Huile sur toile. Sur le cartouche : Jean-Louis Gustave d’Hautefort et sa sœur Marie-Thérèse-Thaïs d’Hautefort 1802. Tableau exposé au Salon de 1800, sous le numéro 325
La redécouverte d’Adèle Romanée fut accompagnée par la réattribution, à l’initiative de Marguerite Oppenheimer en 1997, de plusieurs de ses œuvres jusque là données à David ou Regnault. La vente Christie’s du 26 juin 2008 à Paris a ensuite mis en lumière certains de ses chefs d’œuvre, et les recherches menées à cette occasion ont contribué à mieux comprendre le parcours d’une artiste dont le corpus n’est encore connu que par fragments.
Née Jeanne-Marie Mercier, la jeune fille fut légitimée à l’âge de neuf ans par le Marquis de Romance, dont elle prit alors le nom.
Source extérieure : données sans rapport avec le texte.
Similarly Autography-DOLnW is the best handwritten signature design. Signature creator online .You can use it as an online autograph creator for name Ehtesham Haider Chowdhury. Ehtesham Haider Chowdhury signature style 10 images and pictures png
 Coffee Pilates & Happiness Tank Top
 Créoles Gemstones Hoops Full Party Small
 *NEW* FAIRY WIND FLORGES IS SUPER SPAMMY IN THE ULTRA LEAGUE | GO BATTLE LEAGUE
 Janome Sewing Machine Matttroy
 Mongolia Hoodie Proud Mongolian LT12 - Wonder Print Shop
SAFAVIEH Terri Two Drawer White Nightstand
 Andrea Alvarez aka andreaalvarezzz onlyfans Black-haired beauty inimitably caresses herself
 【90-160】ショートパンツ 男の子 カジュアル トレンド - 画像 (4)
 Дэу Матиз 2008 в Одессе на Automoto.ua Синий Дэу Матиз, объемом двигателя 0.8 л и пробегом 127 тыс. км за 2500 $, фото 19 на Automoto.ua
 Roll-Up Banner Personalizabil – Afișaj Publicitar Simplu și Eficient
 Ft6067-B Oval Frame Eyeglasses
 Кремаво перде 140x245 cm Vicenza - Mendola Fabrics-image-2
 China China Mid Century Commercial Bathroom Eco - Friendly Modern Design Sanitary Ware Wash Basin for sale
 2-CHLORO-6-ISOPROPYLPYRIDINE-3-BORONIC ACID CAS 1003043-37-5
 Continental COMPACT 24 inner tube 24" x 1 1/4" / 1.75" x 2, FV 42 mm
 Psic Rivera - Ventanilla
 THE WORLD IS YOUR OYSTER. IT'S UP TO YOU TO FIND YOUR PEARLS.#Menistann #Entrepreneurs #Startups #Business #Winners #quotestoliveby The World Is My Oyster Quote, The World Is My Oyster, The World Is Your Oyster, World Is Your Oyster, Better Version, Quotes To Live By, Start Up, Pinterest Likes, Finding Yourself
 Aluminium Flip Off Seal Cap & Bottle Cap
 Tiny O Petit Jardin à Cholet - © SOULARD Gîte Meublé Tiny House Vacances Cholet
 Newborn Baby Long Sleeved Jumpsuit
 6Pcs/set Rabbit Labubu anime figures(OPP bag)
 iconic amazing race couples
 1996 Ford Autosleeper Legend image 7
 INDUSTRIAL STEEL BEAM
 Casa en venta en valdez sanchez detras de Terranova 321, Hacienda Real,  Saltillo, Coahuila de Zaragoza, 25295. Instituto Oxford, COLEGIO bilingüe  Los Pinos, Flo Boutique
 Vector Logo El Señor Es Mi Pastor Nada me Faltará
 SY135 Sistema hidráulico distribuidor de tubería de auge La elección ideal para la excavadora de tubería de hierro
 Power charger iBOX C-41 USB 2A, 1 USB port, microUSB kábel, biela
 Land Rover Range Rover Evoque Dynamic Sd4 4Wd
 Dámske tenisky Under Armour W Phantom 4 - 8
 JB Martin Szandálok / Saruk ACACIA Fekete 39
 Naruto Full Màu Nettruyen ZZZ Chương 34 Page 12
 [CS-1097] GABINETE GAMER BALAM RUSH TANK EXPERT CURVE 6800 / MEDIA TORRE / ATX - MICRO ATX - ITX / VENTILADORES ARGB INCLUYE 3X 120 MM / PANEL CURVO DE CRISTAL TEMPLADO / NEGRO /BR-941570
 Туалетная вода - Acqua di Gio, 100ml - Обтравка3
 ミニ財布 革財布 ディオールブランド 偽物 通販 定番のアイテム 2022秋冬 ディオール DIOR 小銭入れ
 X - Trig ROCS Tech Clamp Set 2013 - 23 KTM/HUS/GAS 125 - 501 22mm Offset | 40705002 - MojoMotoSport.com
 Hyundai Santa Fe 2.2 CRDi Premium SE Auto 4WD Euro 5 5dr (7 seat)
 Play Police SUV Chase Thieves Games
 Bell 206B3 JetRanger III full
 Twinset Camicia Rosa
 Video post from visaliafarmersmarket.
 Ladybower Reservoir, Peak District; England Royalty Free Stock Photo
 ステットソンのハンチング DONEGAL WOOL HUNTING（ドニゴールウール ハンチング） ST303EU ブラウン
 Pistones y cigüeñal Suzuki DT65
Adoptant le prénom d’Adèle, elle se forma dans l’atelier tenu par la femme de Jean-Baptiste Regnault. On retrouvera dans ses œuvres la manière du maître, ferme et précise, tempérée notamment par l’influence plus féminine de Marguerite Gérard – dans la délicatesse des coloris ou la finesse du rendu des étoffes. Dans sa maturité, le style d’Adèle Romanée gagne en sensibilité : les formes s’adoucissent et deviennent plus souples, les contours s’estompent.
Profitant de l’ouverture du Salon en 1791, Adèle Romanée y exposa largement, dans un premier temps sous le qualificatif d’ « élève de Regnault ». De 1793 à 1808 elle apparut sous le nom de son mari, le miniaturiste François-Antoine Romany qu’elle avait épousé en 1790 pour s’en séparer trois ans plus tard. De 1809 à 1833 elle s’y présenta comme Adèle Romanée. Elle peignit surtout des portraits ; on connaît notamment ceux des artistes qu’elle figurait revêtus de leurs costumes favoris.
Adèle Romanée représente ici un frère et une sœur, Gustave et Taïs de Hautefort. Jean-Louis-Gustave, comte de Hautefort, était né en 1784 d’un père colonel attaché au régiment de Boulonnais. Il fut Officier supérieur des Gardes du corps du Roi – comme le père d’Adèle Romanée. Gustave, et sa jeune sœur Taïs, épousèrent le 28 mai 1805 un frère et une sœur, Adélaïde et Charles-Téodore-Bélisaire de Maillé de la Tour Landry.
Le tableau évoque l’affection qui liait le frère et la sœur. La main posée sur sa monture, le cavalier enveloppe la jeune femme d’un regard protecteur – cette dernière tourne vers nous une figure douce et pensive. Elle présente au cheval un bouquet vaporeux de fleurs sauvages. Adèle Romanée campe ses modèles dans un paysage qui prend à l’arrièreplan des teintes rougeoyantes ; un rameau de chêne et quelques fleurs construisent le tout premier plan.
On peut confronter notre œuvre à la Jeune femme tenant une cage à oiseaux surprise par un jeune homme (1814, coll. part.). Adèle Romanée y figure une jeune femme au regard absorbé, légèrement décentrée du paysage qui l’englobe. Le visage tourné vers elle, un jeune homme surgit de derrière un fourré.
L’atmosphère d’intimité familiale de notre tableau, empreint d’une grande douceur et d’élégance, rejoint également les portraits que fit Adèle Romanée de sa propre famille, tel le Portrait de la famille de l’artiste posant devant le château de Juilly (1804, vente Christie’s, 26 juin 2008, n° 76).